Translational symmetry enables us to know the immense crystalline structure by studying only the atomic configuration in the unit cell.

The other symmetries of rotation, reflection and inversion reduce the representation even more because part of the atoms that are in the unit cell are symmetrical copies of other atoms in the same cell.

Symmetry makes crystallographers’ lives easier, making it possible to classify and understand crystalline structures. How many types of crystal exist? That is, in how many different forms can matter organise itself? Although they may seem boundless, actually there are very few options for filling a space in an ordered way periodically repeating one same piece.

For example, only five types of plane lattices exist:

In other words, if we want to fill a surface, we can do so with rectangles, triangles, squares or hexagons, but not with pentagons. And it also the case that in crystalline structures, rotational symmetry can only be of order 1, 2, 3, 4 or 6.  Thanks to the study of the combinations of symmetry, we know that there are only 17 different shapes that can tile a surface, shapes that were already known by Arab geometricians.

 Arab artisans of the 18th century knew the 17 plane groups of symmetry. And it has also been shown that there are only 230 different forms of periodically packing a volume with identical units. Not one more, not one less.

## Quasicrystals

Molecules can have rotational symmetry 5 – in other words, if they spin 72º they are invariant. But it is impossible to fill a surface with them, or make a network; that is, it is impossible to build a crystal with them. That is why you won’t find pentagonal floor tiles for sale; or if you do, they are combined with the rhombi needed to fill the unavoidable gaps between the pentagons.
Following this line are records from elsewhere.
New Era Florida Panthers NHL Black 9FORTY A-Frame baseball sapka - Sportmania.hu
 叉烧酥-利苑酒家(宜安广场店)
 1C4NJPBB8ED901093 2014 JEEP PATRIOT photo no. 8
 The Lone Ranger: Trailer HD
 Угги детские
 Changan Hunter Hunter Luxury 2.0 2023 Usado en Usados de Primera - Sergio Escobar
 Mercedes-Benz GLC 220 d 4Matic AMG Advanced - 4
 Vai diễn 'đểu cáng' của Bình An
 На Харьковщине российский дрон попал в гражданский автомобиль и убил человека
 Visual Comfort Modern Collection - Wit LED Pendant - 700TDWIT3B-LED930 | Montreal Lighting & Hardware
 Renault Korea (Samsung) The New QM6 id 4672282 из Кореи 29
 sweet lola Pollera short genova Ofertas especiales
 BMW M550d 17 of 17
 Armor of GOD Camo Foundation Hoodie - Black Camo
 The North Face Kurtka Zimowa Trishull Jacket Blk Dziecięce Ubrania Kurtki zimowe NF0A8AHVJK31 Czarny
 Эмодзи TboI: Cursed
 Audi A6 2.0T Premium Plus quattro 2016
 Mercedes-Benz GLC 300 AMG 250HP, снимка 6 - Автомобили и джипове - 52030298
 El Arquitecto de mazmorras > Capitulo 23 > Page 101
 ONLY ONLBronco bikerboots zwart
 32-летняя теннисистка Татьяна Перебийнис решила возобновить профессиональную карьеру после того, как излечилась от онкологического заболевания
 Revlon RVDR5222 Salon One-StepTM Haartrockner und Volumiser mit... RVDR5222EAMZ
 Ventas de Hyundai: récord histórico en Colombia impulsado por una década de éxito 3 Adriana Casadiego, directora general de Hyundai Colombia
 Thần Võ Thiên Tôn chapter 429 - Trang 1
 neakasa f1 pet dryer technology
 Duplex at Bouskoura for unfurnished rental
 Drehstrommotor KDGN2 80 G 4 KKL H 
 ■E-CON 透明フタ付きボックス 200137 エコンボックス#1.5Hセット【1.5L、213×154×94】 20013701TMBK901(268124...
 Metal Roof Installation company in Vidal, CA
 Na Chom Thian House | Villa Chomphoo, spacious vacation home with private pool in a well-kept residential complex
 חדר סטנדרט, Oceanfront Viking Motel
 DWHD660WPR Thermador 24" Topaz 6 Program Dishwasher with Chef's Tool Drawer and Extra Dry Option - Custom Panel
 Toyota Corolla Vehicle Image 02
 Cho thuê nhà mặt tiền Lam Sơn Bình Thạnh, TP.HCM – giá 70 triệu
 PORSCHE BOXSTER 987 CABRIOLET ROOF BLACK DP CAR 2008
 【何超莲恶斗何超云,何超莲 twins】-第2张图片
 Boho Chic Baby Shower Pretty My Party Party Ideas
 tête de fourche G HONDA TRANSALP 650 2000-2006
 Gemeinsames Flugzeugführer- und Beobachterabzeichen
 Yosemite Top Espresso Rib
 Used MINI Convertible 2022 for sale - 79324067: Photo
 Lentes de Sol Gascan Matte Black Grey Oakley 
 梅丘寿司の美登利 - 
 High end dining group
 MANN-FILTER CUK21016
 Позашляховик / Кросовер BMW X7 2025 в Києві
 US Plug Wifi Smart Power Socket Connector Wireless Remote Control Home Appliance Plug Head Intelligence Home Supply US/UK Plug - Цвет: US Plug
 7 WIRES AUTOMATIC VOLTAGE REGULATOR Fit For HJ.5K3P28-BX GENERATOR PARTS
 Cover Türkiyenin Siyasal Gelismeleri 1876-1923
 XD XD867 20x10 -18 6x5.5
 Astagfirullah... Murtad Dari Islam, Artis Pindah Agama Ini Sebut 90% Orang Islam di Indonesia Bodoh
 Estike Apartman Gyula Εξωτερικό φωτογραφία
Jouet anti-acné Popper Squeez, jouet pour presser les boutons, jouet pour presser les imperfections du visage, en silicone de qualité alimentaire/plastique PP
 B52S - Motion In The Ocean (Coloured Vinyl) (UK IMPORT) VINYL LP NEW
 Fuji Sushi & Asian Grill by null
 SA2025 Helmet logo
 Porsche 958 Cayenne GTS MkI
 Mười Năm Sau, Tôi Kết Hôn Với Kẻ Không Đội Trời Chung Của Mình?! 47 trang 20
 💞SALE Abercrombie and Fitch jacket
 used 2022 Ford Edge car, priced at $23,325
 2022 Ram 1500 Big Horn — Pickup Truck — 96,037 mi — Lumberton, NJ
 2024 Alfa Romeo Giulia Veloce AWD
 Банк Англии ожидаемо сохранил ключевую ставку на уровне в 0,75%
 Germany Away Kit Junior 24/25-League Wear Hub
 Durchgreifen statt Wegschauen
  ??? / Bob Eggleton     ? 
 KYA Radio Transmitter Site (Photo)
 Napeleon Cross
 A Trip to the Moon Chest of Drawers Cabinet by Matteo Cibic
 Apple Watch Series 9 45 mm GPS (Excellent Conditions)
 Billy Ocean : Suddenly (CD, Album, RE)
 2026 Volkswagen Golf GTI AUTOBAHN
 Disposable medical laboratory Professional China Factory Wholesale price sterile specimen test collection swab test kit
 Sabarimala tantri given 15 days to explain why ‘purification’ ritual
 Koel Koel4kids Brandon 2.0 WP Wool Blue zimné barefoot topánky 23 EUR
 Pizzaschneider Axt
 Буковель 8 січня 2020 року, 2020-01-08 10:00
Molecules can have pentagonal symmetry; but periodic structures cannot.

However, the existence of crystals with order 5 symmetry has recently been discovered. The explanation lies in the fact that the surfaces and volumes can be completely filled following regular, but not necessarily periodically perfect, patterns. For example, this can take place with dilational symmetry, following patterns like the sequence of the Golden Ratio. In other words, materials that are organised quasi-periodically. They are the so-called quasi-crystals.